A community banker friend of mine was recently bemoaning his institution's disappointing sales and service culture. His production numbers were not where he thought they should be, he told me, and he wondered if the bank's employees had let slip away the bank's growth culture.
I suggested that production being down compared to past years did not necessarily mean his teams were putting forth less effort or were any less dedicated. Rather, it could be tied to an industrywide trend: Branch transactions are down and there are fewer face-to-face interactions between our staff and customers.
Besides broader economic issues facing the banking industry, the decline in business at physical branches as new mobile channels emerge is an equally substantive challenge.
My friend's bank is no exception. Customer attrition rates have not grown over the past few years at his institution. However, foot traffic and transactions in his branches have fallen. So it is not evident that his people are doing their jobs any less diligently than before.
Still, if we shrug our shoulders and say that as soon as the economy turns around branch traffic and transactions will rebound, we are likely locking in underperformance even when economic conditions eventually improve.
Competition is never static. It's like distance running. Difficult market conditions tend to put space between the leaders and the rest of the pack. With the ground flat and wind at your back, many look like champions. But when faced with headwinds and uphill climbs, you find out who the prepared, determined and strongest competitors are. In banking, those are the more proactive and efficient operators who will have leads when conditions become favorable again.
Even though customer service and branch experiences delivered by our teams are better than they have ever been, the number of conversations we are able to have with existing and potential customers within the walls of our branches continues to fall. That's an undeniable industry phenomenon.
Aware of that fact, if banks are not working diligently to make their teams engage customers outside of their branches, they will be at a disadvantage.

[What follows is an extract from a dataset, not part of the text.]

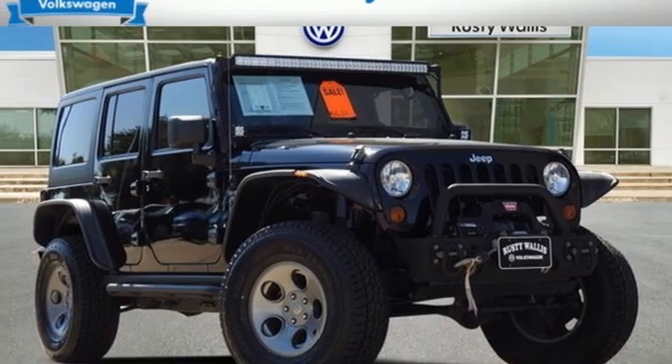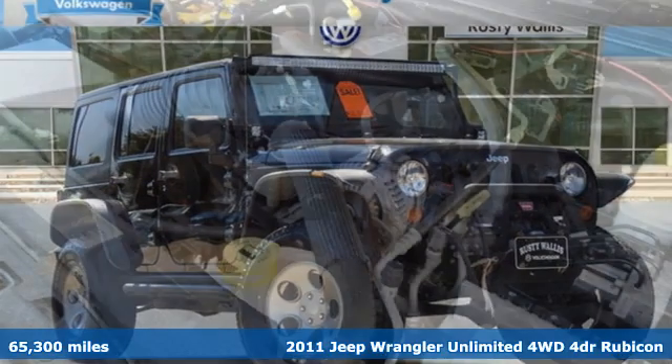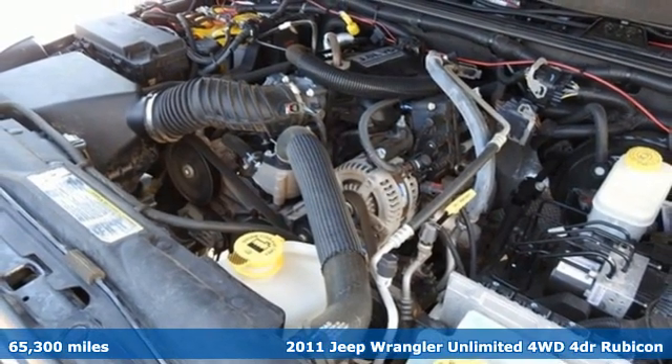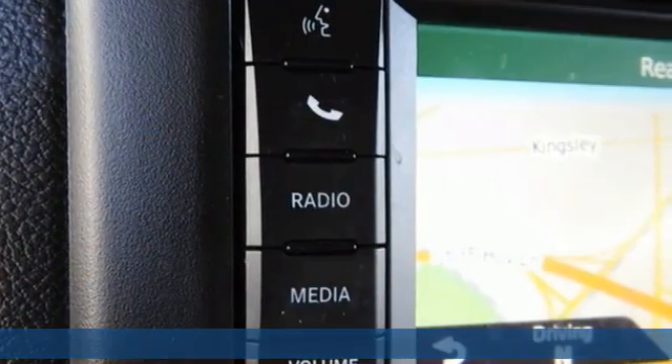Here's a 2011 Jeep Wrangler Unlimited. With four doors and legendary off-road capability, the world opens up to endless possibilities.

To a certain extent, most community banks trying to compete with the megabanks and nonbank technology firms know that traditional marketing, pricing and technology are not sufficient. Mobile channels and consolidation blur the lines on what defines a market or a region. Most bankers realize these games are not going to be played on their home field.
Having in-store banking as part of my DNA, I have long preached that the most powerful differentiator for any branch is its moving parts, otherwise known as its staff.

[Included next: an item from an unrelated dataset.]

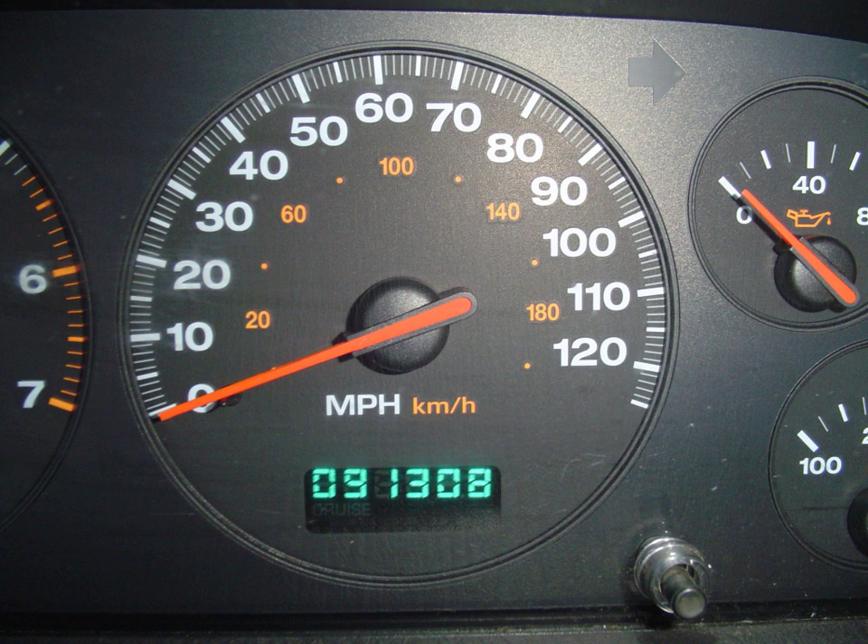The trip meter may be used to record the distance traveled on each tank of fuel, making it very easy to accurately track the energy efficiency of the vehicle. Another common use is resetting it to zero at each instruction in a sequence of driving directions, to be sure when one has arrived at the next turn.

To be sure, bankers can still distinguish themselves inside the branch. Just as disengaged employees can make even a wonderfully designed branch feel like a storage closet, engaged employees can make a storage closet-looking branch seem appealing.
But even our best employees are not being fully utilized to our advantage if their face-to-face contact with customers and potential customers falls each year.

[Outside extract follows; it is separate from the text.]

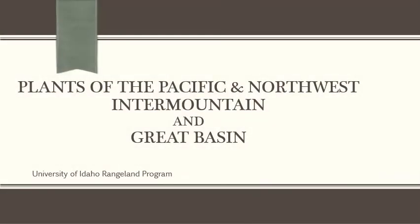In the Rangeland Principles class we did one whole section on plants of the Pacific Northwest, the Intermountain, and the Great Basin, and now I'm just going to show you a few of those plants that you need to know for class in Rangeland Principles.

To counteract that, events and promotions to generate branch awareness and visits are helpful. Yet we need to go further than that and create cultures in which our teams understand that a bank's network is no longer defined only by where its branches are. It is increasingly defined by where its bankers are.
That does not mean our bankers become door-to-door salespeople. But a growth culture that includes meeting new folks in our communities, visiting new businesses and handing out business cards only happens when the idea is discussed and encouraged.
If the strengths of your organization are your people and your culture, you need to find every way possible to put those people and that culture in contact with existing and prospective customers.
Our teams are not simply sellers of our products. They are our most important product. It's time to make part of your marketing plan getting your most important product out into your communities more than the competition does.